Pickman's model said:


> .


No.


----------



## Pickman's model (Jul 22, 2013)

pissflaps said:


> do you see how this sort of language is problematic?


 
because you can't understand it?


----------



## editor (Jul 22, 2013)

cesare said:


> You're a hipster aren't you?
> 
> ADMIT IT


LOL.


----------



## killer b (Jul 22, 2013)

I fucking love hipsters. They look cool, and they irritate absolutely everyone.


----------



## pissflaps (Jul 22, 2013)

then i'll leave you to your petty prejudices.


----------



## Diamond (Jul 22, 2013)

pissflaps said:


> if it makes you feel better to say so.


 
I'd say you were more of a creative.


----------



## pissflaps (Jul 22, 2013)

Diamond said:


> I'd say you were more of a creative.


 
ha!


----------



## pissflaps (Jul 22, 2013)

editor said:


> LOL.


 
oh look. it's the bully in chief.


----------



## Pickman's model (Jul 22, 2013)

pissflaps said:


> oh look. it's the bully in chief.


 
this will end well.


----------



## editor (Jul 22, 2013)

pissflaps said:


> oh look. it's the bully in chief.


Bullied by a LOL and a smiley. You poor, poor thing.


(((pissflaps))))


----------



## pissflaps (Jul 22, 2013)

i was referring specifically to your rather unprofessional habit of posting up photo's you've taken of people in the market who you perceive as 'hipsters' so that others can pop along and join in the fun.

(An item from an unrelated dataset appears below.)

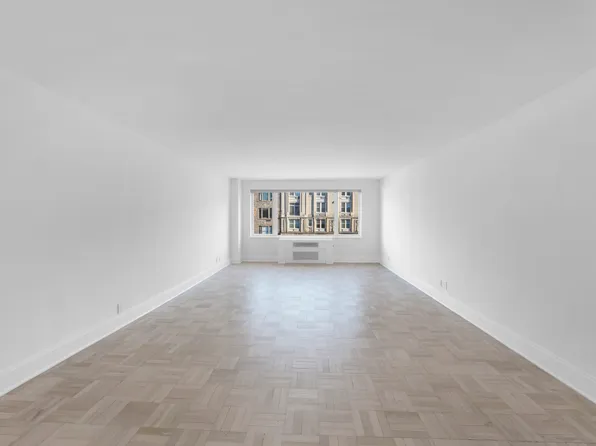 920 Park Avenue image 1 of 22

you'll probably deny it. hey ho.


----------



## editor (Jul 22, 2013)

pissflaps said:


> i was referring specifically to your rather unprofessional habit of posting up photo's you've taken of people in the market who you perceive as 'hipsters' so that others can pop along and join in the fun.

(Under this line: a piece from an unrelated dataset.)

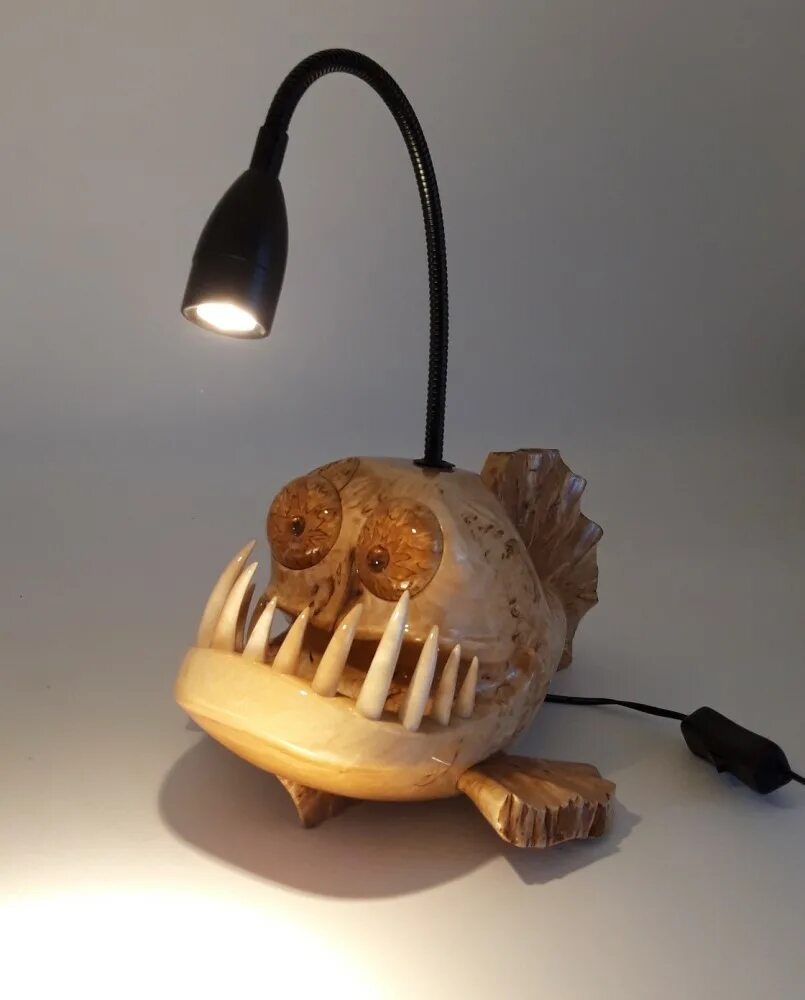 рыба со светильником. светильник рыба удильщик. рыба удильщик рыба удильщик. морской удильщик. глубоководный удильщик (морской дьявол).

There was nothing unprofessional about the way I posted that picture. 
You should have seen the stylish way I hit 'post reply.'  It was really professional.


----------



## pissflaps (Jul 22, 2013)

yah ha.


----------



## killer b (Jul 22, 2013)

anyway, who was pissflaps? 'bully in chief' rings a bell, but i can't put my finger on it...


----------



## rutabowa (Jul 22, 2013)

killer b said:


> I fucking love hipsters. They look cool, and they irritate absolutely everyone.

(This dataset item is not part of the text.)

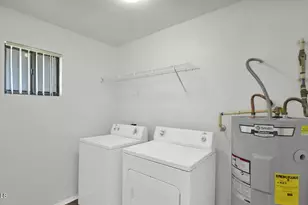 5611 S 32nd St, Phoenix, AZ 85040 - Photo 14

Let this be the last words on the subject.


----------



## Kizmet (Jul 22, 2013)

Fozzie Bear said:


> I'm not sure I'd characterise it as an "era of excess".



I would. From the early eighties through to the late noughties. Rampant consumerism, globalism and speculative property investment.


----------



## pissflaps (Jul 22, 2013)

killer b said:


> anyway, who was pissflaps? 'bully in chief' rings a bell, but i can't put my finger on it...


 
que es tu punto, gringo?


----------



## DotCommunist (Jul 22, 2013)

isn't 'creatives' a term advertising workers call themselves so that they can lie to themselves about the fact that they have prostituted artistic skill to mammon?


----------



## TruXta (Jul 22, 2013)

DotCommunist said:


> isn't 'creatives' a term advertising workers call themselves so that they can lie to themselves about the fact that they have prostituted artistic skill to mammon?


Yes.


----------



## Favelado (Jul 23, 2013)

Pickman's model said:


> There are black punks. I have never seen a black hipster.


 
There are far more black hipsters than there ever were black punks.


----------



## Diamond (Jul 23, 2013)

DotCommunist said:


> isn't 'creatives' a term advertising workers call themselves so that they can lie to themselves about the fact that they have prostituted artistic skill to mammon?


 
As opposed to what? Pursuing some pure artistic excellence?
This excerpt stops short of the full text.